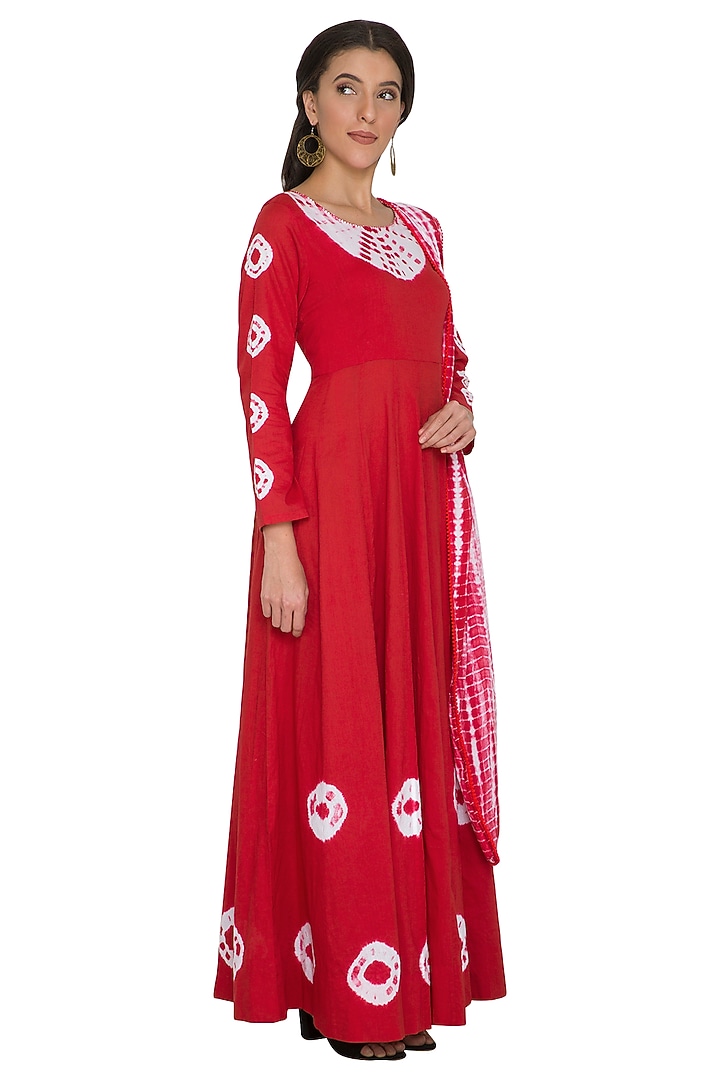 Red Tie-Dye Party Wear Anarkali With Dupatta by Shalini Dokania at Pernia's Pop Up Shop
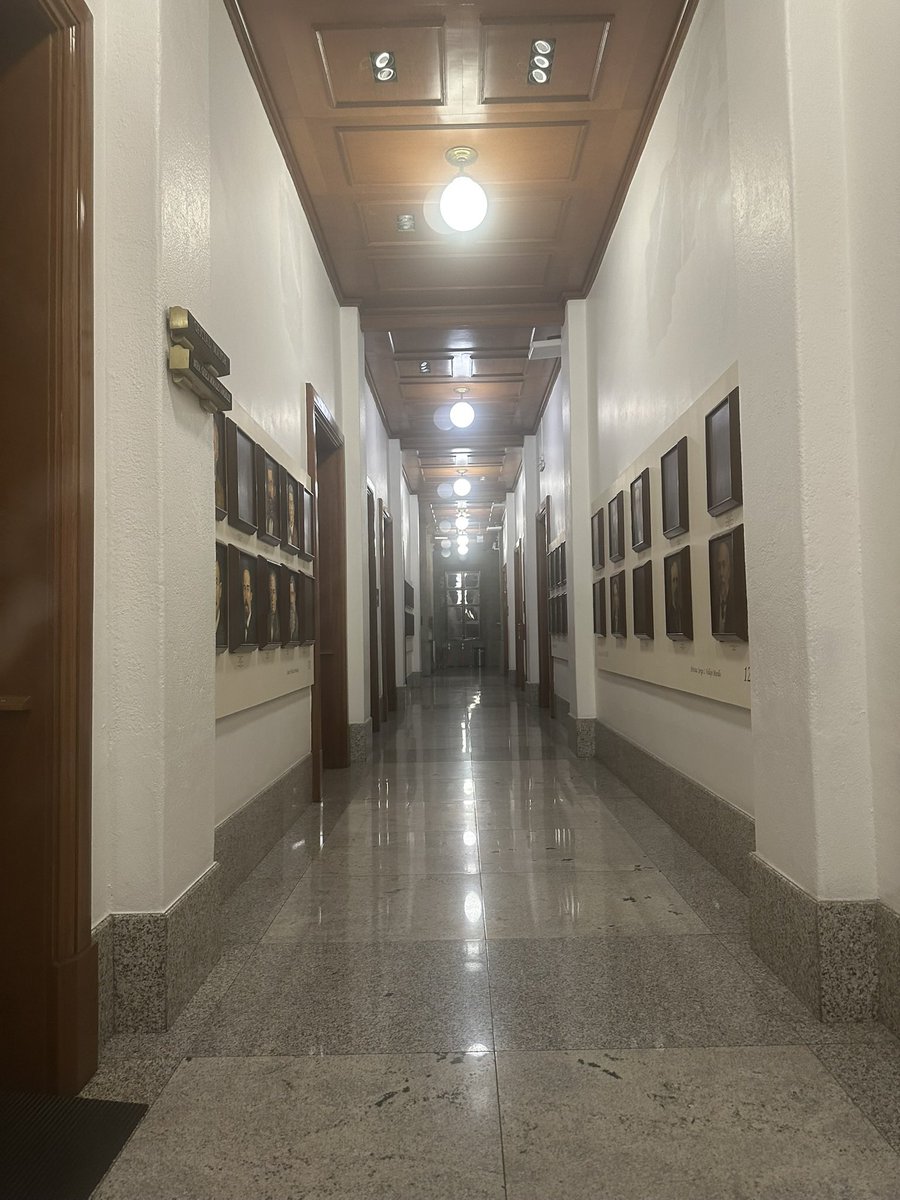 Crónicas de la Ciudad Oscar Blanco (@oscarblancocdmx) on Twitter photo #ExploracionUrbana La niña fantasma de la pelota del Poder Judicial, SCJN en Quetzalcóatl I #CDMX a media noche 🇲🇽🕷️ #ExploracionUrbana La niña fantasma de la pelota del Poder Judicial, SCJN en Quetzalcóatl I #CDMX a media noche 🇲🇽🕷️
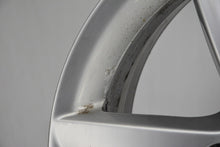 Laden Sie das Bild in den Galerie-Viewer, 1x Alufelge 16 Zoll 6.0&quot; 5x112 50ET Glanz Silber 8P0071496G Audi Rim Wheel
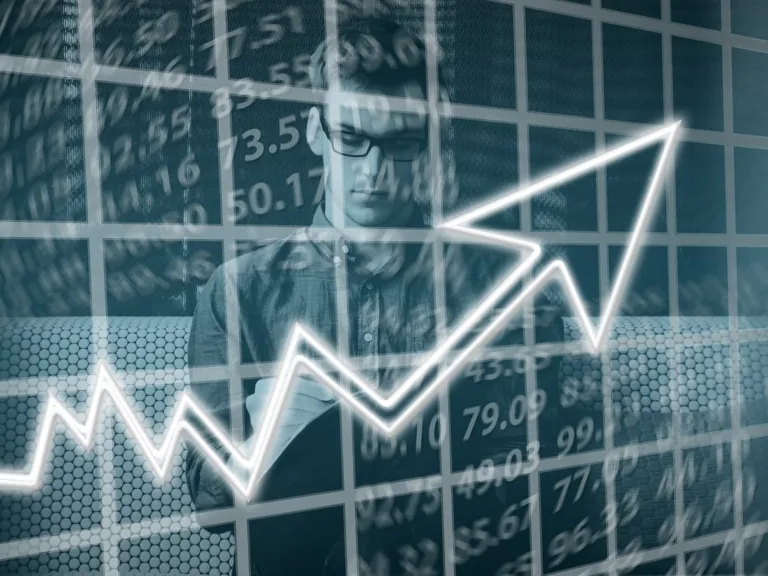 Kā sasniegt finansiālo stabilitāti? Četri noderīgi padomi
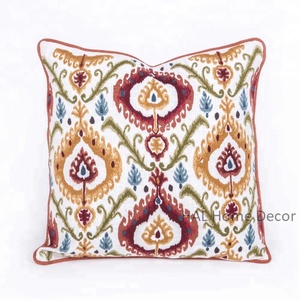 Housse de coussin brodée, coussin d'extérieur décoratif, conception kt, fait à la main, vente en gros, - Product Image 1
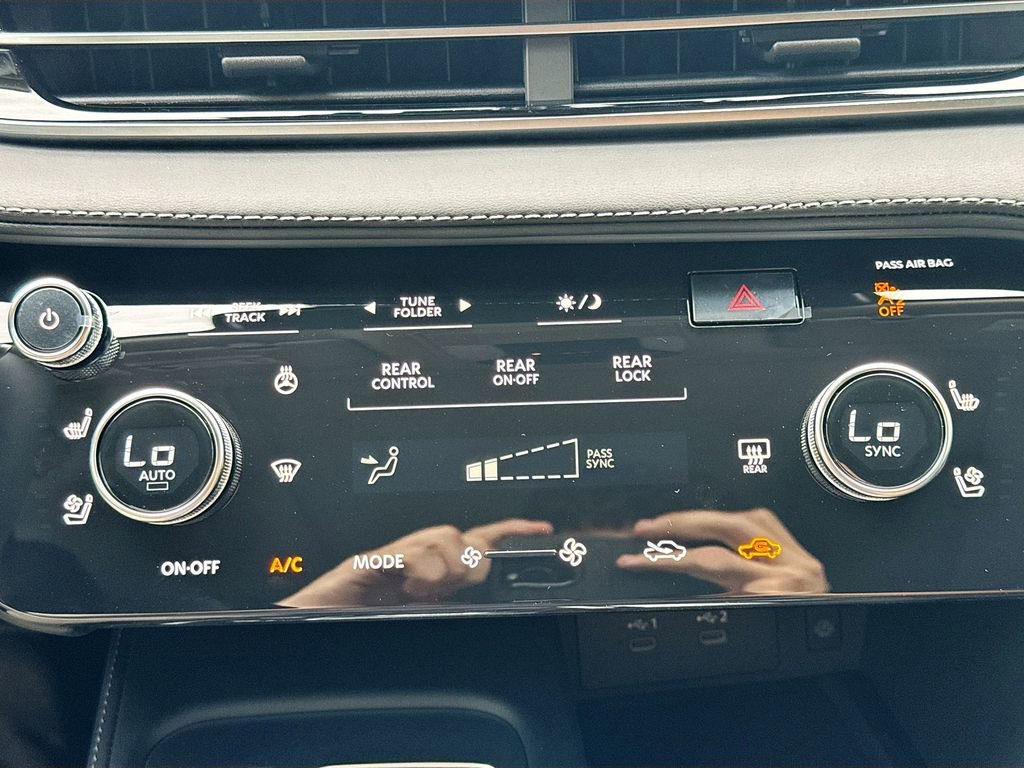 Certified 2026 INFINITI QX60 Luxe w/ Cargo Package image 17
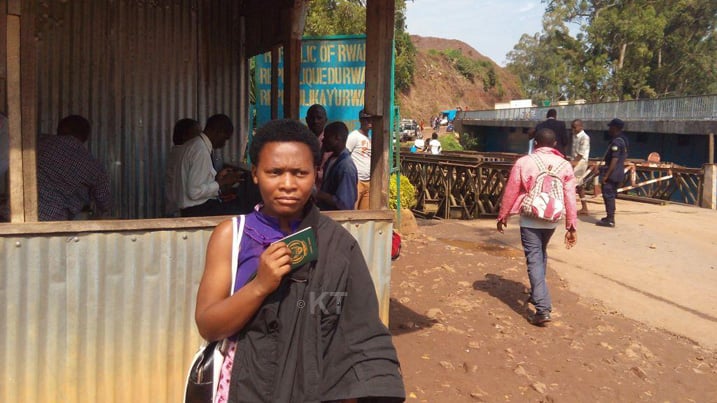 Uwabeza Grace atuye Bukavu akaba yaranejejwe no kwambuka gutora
—————
◆ What you should do ◆
I would like the data above transcribed exactly, with its pictures left out.

◆ Written solution ◆
 Red Tie-Dye Party Wear Anarkali With Dupatta by Shalini Dokania at Pernia's Pop Up Shop
 Crónicas de la Ciudad Oscar Blanco (@oscarblancocdmx) on Twitter photo #ExploracionUrbana La niña fantasma de la pelota del Poder Judicial, SCJN en Quetzalcóatl I #CDMX a media noche 🇲🇽🕷️ #ExploracionUrbana La niña fantasma de la pelota del Poder Judicial, SCJN en Quetzalcóatl I #CDMX a media noche 🇲🇽🕷️
 Laden Sie das Bild in den Galerie-Viewer, 1x Alufelge 16 Zoll 6.0&quot; 5x112 50ET Glanz Silber 8P0071496G Audi Rim Wheel
 Kā sasniegt finansiālo stabilitāti? Četri noderīgi padomi
 Housse de coussin brodée, coussin d'extérieur décoratif, conception kt, fait à la main, vente en gros, - Product Image 1
 Certified 2026 INFINITI QX60 Luxe w/ Cargo Package image 17
 Uwabeza Grace atuye Bukavu akaba yaranejejwe no kwambuka gutora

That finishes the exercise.